Lessons Learned from A Productivity Experiment

Hey, hey, Bold Leaders. Welcome to another episode of the Bold Leadership Revolution Podcast and I am so happy and excited and grateful to be on the mic today because actually I'm back on the mic today. I had taken a hiatus from recording podcasts and then I got sick with the dreaded stomach bug and so to be feeling back to myself again and to be here with you doing something that I love so much. I am just truly, truly grateful today to be back here sharing another episode with.

At the Bold Leadership Revolution. We show you how to optimize your performance as a leader without all the buttoned up stuffiness of corporate leadership. Yawn on the drivel of the personal development industry, triple yawn. We promise in a world that swings wildly between serious business and back to the other side around woowoo bullshit. We will be firmly planted in the middle. We will give you the practical side of business strategy, the necessary skills to build your mental strength and the wooish principles to effectively manage your most precious resource, your energy.

Since the beginning of the year I've been on a quest to utilize my time more efficiently, be more present with myself and my family and put my greatest work out into the world. Perhaps instead of the word efficiently we want to use the word precisely. I've been looking at how I could be using my time more precisely and how can I be even more precise than I already am. So I've been giving myself a little productivity experiments playing with different principles like the pomodoro technique, being mindful of things like Parkinson's law which says that our work will expand to the time we give it and reading Dan Pink's book When to look at my times of peak performance.

I've done radical things like rearrange my entire schedule, made my creative time non negotiable, double down on my sleep and I've started tracking my sleep as a KPI in my business and put my phone on Do not disturb for large portions of the day.

If you're following me and if or if you're more interested in this, like come on over to Instagram. I'm @theTaraNewman and these are the things that I've talking about over there and sharing kind of behind the scenes what's going on. So for me, be more information, a deeper dive, the ability to ask me some questions. I really want you to head on over to Instagram and find me @theTaraNewman.

Now we live in an attention economy as noted by Davenport and back in their 2001 book called The Attention Economy. Understanding the new currency of business where we use human attention as a scarce commodity, marketers have figured out that our attention is a limiter as to the content we consume and ultimately how we decide to make a purchase.
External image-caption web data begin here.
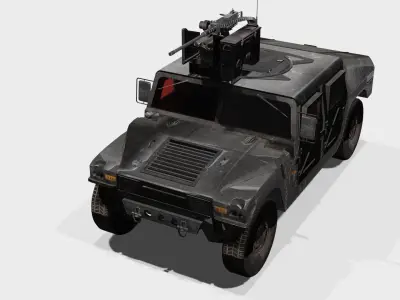Rhino Hummer Military Gun Truck Low-poly 3D model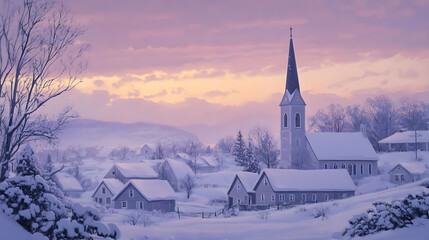 Winter Wonderland Village: Snow Covered Houses and Church at Sunrise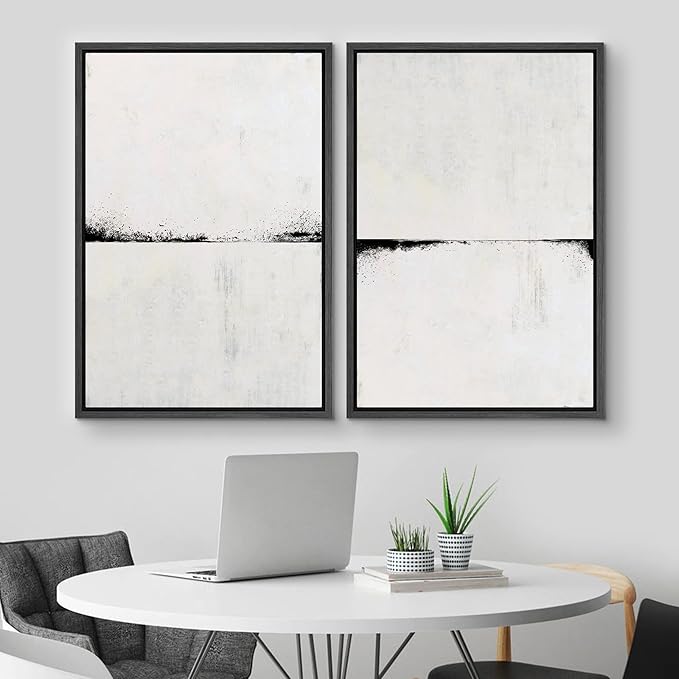 MUDECOR Framed Canvas Print Wall Art Set Black Gray Grunge Paint Stroke Landscape Abstract Shapes Illustrations Modern Art Decorative Bohemian for Living Room, Bedroom, Office - 16"x24"x2 Black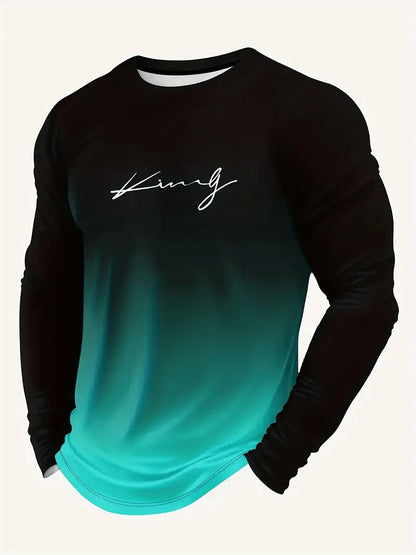 KZZ Men's Casual Long Sleeve T-Shirt, Gradient Color Round Neck, Letter Print Design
Lessons Learned from A Productivity Experiment

However, our attention not only limits the content we consume, it limits our purpose and that's what I'm most concerned about. My purpose, your purpose, every leader's purpose out there. When you allow your attention to be pulled in a myriad of different directions, you limit your focus on the impact you want to make in this world and you become fatigued and you become exhausted. And here are the Bold Leadership Revolution we want you to have the endurance to make the impact and leave the legacy that you want to leave.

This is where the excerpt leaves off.